FOS has revealed the top five ‘alternative’ investments they have received complaints about in the last year:

  • Truffle trees – where funds were used to buy a number of trees whose roots are sprayed with a chemical to encourage the growth of truffles between the tree roots.
  • Sunken treasure – shares are bought in a business that traces sunken shipwrecks in the hope of recovering treasure.
  • Cambodian bio-fuels – plots of land in Cambodia were bought so that Jatropha trees could be grown to produce bio-fuels.
  • Burial plots – purchasing burial plots, with a promised return on investment when the plot is later sold.
  • Whiskey – an investment in maturing and appreciating whiskey, with a promised return on investment when the whiskey is later sold.

Total liability

The service said there are currently 500 claims outstanding against Berkley Burke because the firm was considering an appeal of the judicial review decision. Possible compensation could be as high as £22 million.
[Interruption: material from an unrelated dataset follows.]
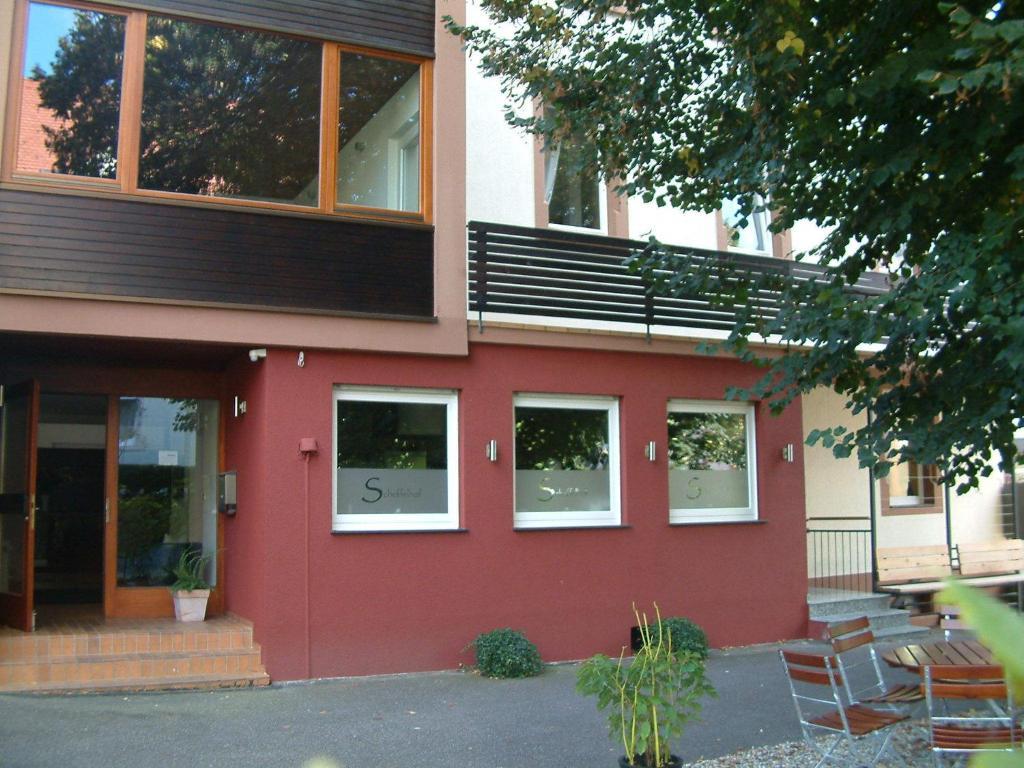 Hotel Scheffelhof Вальдкирх Экстерьер фото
Founder and chairman Grahame Berkley said: “At stake is not simply the conduct of our business but the entire SIPP industry, including the multibillion-pound platform industry.

“The entire SIPP industry, platform providers included, is wondering who will be next in line for a claim brought by someone unhappy about the outcome of an investment that may have been made 10, 20, 30 years ago or more.”

Probe

Now the Financial Conduct Authority (FCA) has launched a probe into how SIPPs operate.

The regulator has written to all chief executives asking them for information about their business activities and their expectation of the way the providers handle their due diligence obligations when accepting investments.

A spokesman from the FCA said: “We responded swiftly to the court’s decision in the judicial review because we wanted to make sure that consumers had confidence in this sector, knowing that the firms competing for business are committed to treating their customers fairly.”

Huge implications

Said Mr Hussain: “The case has huge implications for SIPP firms, which hold retirement funds of about £300bn and allow savers to invest in a wide range of products, including high-risk, unregulated schemes.

“Investors blame unscrupulous or incompetent financial advisers for convincing them to invest in unregulated schemes that went wrong.

“When schemes fail, advisers can simply close their business to avoid paying compensation, leaving investors to seek redress from the Financial Services Compensation Scheme, the government lifeboat, which awards a maximum £50,000, typically a fraction of the amount many lose.”